When we left campus in March of 2020, few of us imagined more than a year of learning and working from home. But that is precisely what we are facing. Unhappily. Personally, I am unhappy. I haven’t hugged my mom and dad in nearly 8 months. My children are away at school and in “bubbles,” so I can’t hug them either. I miss my colleagues. I miss seeing and talking with students. I regret the patterns of thinking and working that have us locked in crisis.

Like many institutions, MSU isn’t built for the way we are learning and teaching. As one of my very smart colleagues wrote to me recently, we have students and faculty, not online students and online faculty. Despite the fact that our students don’t want to learn this way and our educators don’t want to teach this way, our online semester is going well. But few are happy about it.

I’m with you.

Yet here we are, together. And togetherness is the path to happier teaching and learning experiences for the remainder of this year. At least this is what students are telling us, which is really what I want to share in this post: the path to happier and more effective online learning experiences, according to the student voices in my inbox.

Here is what I am hearing:

  • Students are stressed, exhausted, and struggling with all of the anxieties that we are all struggling with — that I am struggling with.
  • Given those underlying issues, they are experiencing classes as moving more quickly than normal, with a higher workload than normal, and using way more technologies than normal. I doubt faculty are intentionally moving faster or assigning more work, but perhaps this is happening. Or perhaps students are experiencing classes this way because life is more complicated.
  • We are all spending way too much time staring at screens, students included.

In the face of these challenges, students want to be seen, to be heard, and to be respected, which brings me to the one thing that students want (overwhelmingly so): They want to connect with other human beings. This includes other students, yes, but they also want to be seen and heard by you. They miss human relationships.

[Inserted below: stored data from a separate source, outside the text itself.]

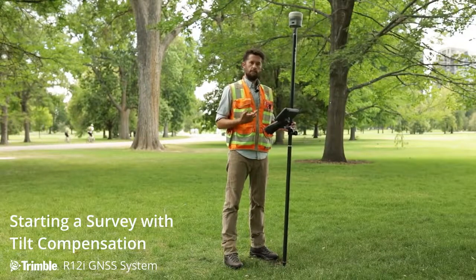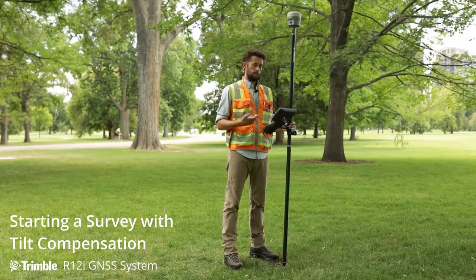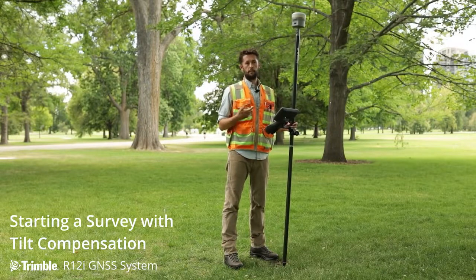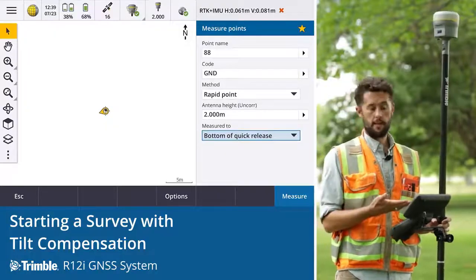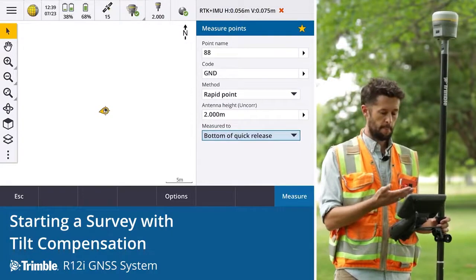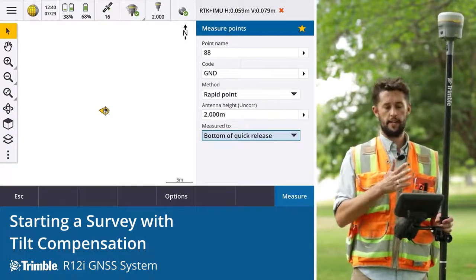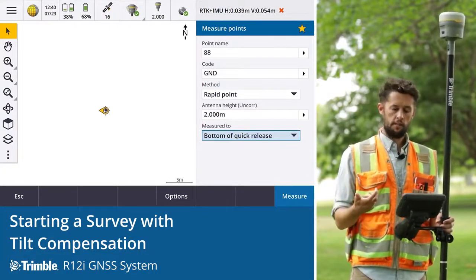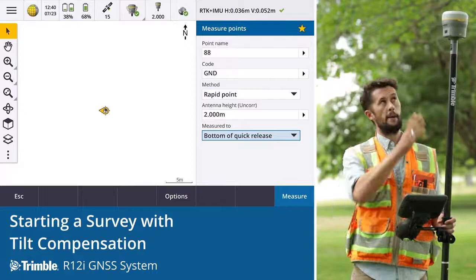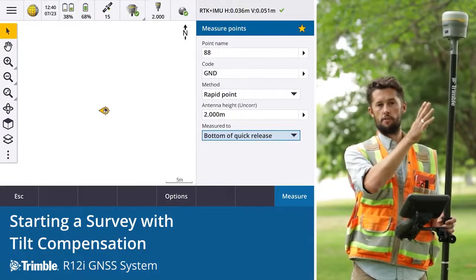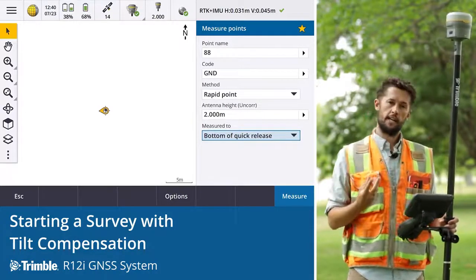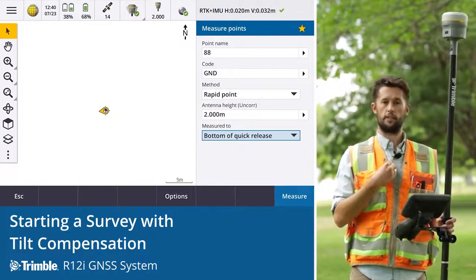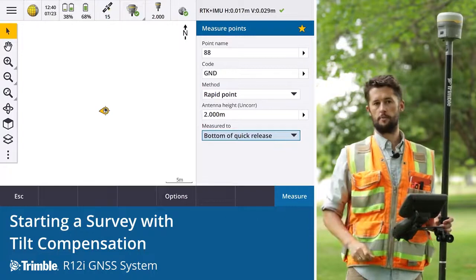The reason the LED panel needs to face the surveyor at all times is for the orientation and heading information provided within Trimble Access — whether that be the icon on the map currently showing me facing west, or for stakeout, where the directions you are provided are based on the orientation of the receiver, determined by the LED panel. The LED panel needs to be facing you, the surveyor, at all times.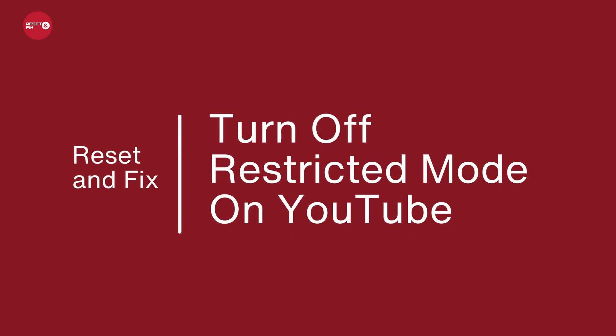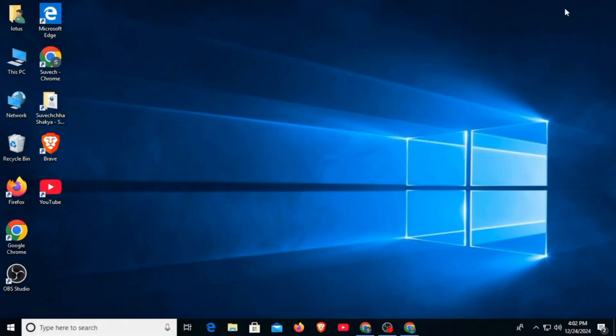How to turn off restricted mode on YouTube. Hi guys, welcome to our channel, let's begin. In this video I will guide you on how you can turn off restricted mode both on mobile and PC.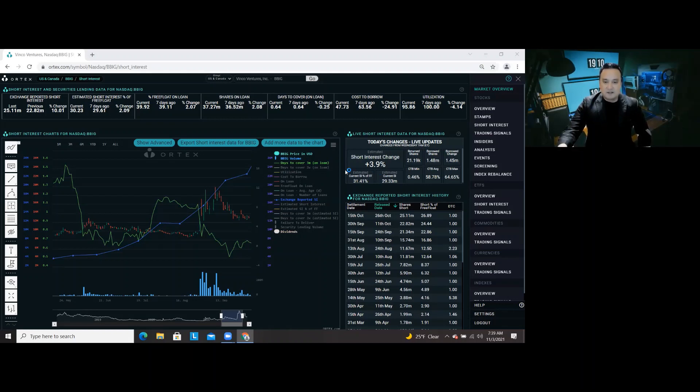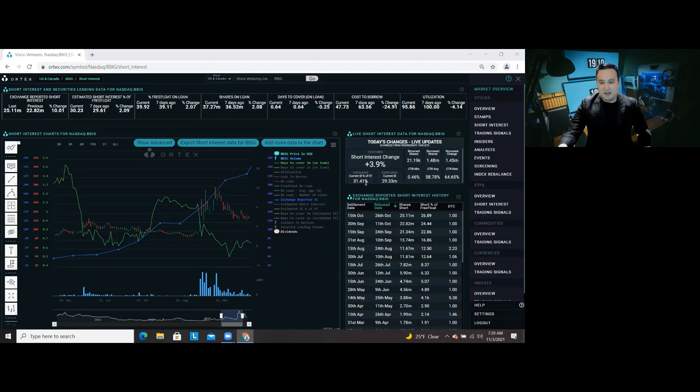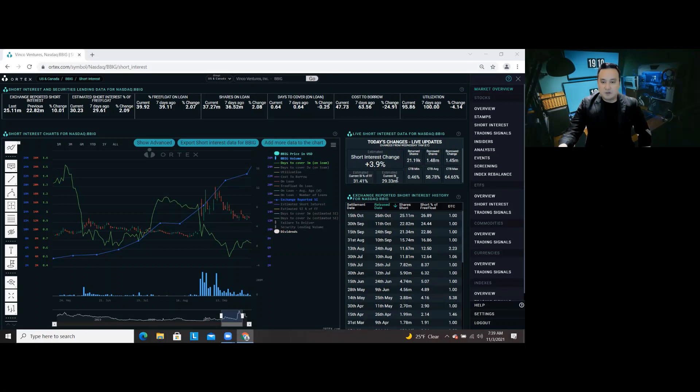So today, take a look at the short interest. It went up to 31.41% again. And this is morning, about 7:39 a.m. And the current short interest is 29.33.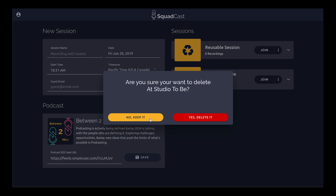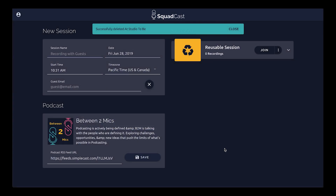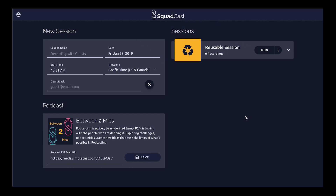We can keep it by clicking the 'No, Keep It' button, or click out of the dialog. But since we do want to delete it, we'll click the red button and get confirmation that we've successfully deleted it. Our list of sessions is updated, and that is how you quickly delete a session in Squadcast.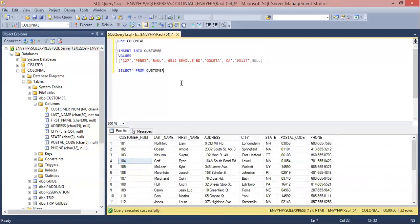Now we have to go ahead and delete it. There we go.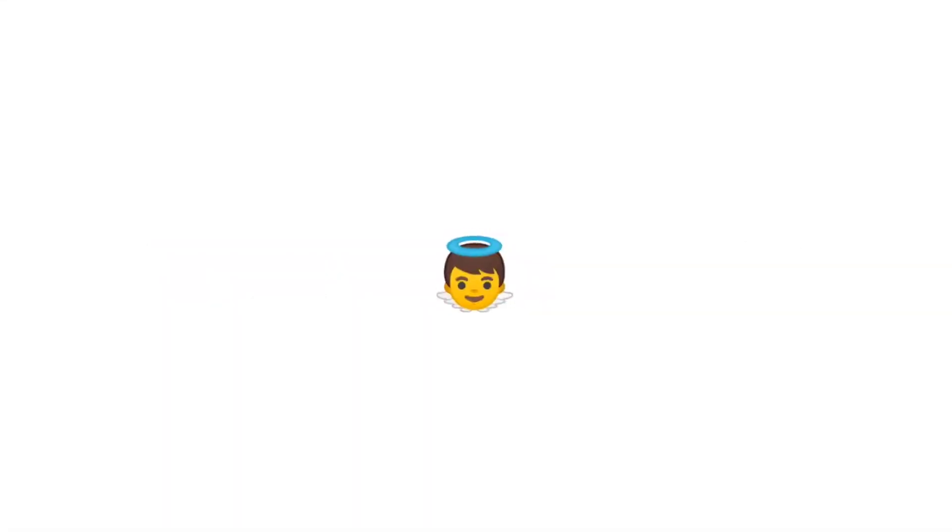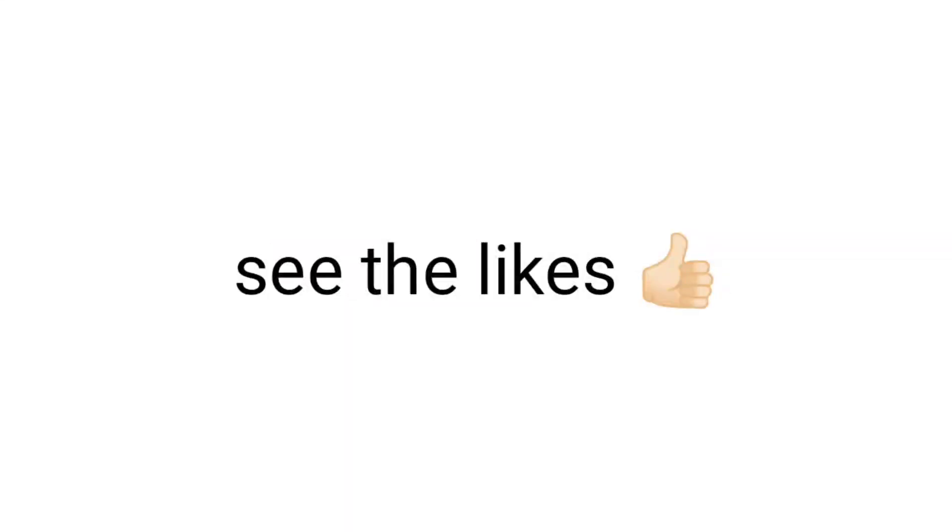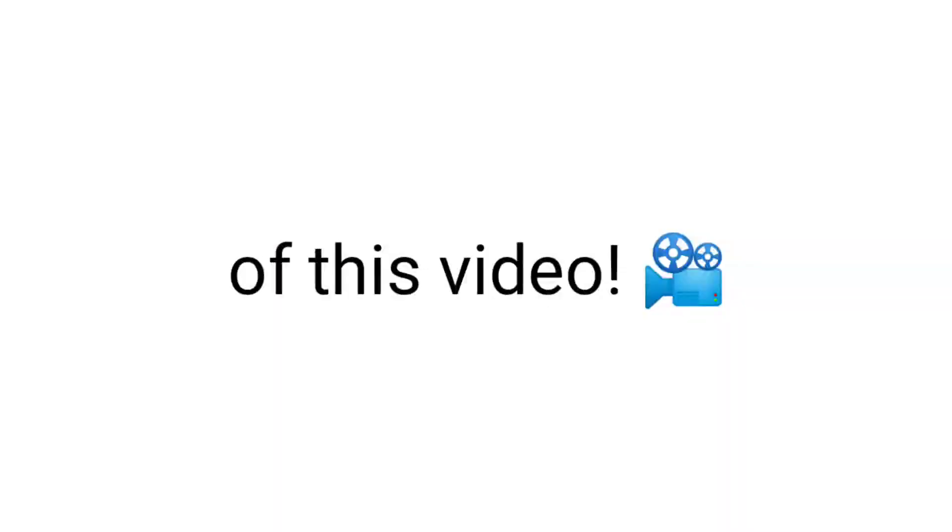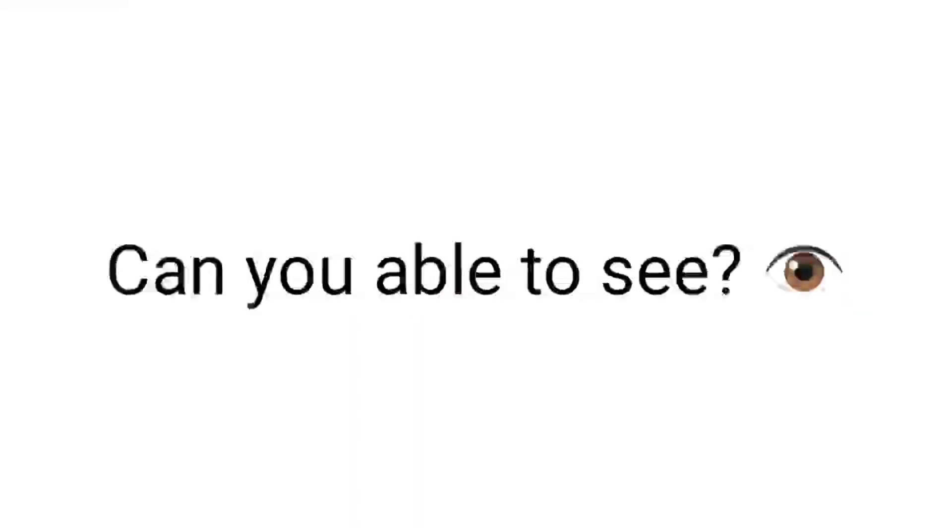Yes guys, as you read in the title. Only babies can see the likes of this video. That means if you are a baby, you can see the likes. But if you can't see the likes, it means you are not a baby anymore.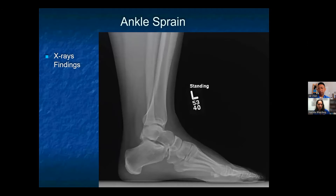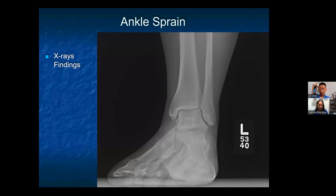On the lateral view, we check the tibia, fibula, talus, cuboid, navicular, calcaneus, and fifth metatarsal — all of which look good. The distal fibula should be superimposed by the posterior distal tibia, the talar dome should be superimposed, and the joint space between the tibia and talus should be uniform. On the mortise view, the lateral and medial malleoli are in profile, the mortise is uniformly visible, and the base of the fifth metatarsal shows no fractures.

They miss being together.

They want to ask questions.

They want more time to be in conversation with others.

They want informal class time with others.

They want to be asked how they learn.

They want to be asked how they are doing.

They want to be asked if they need a break.

Here is the great news for those of us who want to be fantastic, transformative educators — this stuff is easy. It isn’t complicated to

  1. Slow down.
  2. Check in on well being.
  3. Be flexible with assignments and deadlines.
  4. Make more time for questions and for interactions for people.
  5. Communicate frequently and respond to questions in a timely way.

Students want more togetherness. The great news is that more human connections will enhance learning, and along the way, might just make us all a bit happier.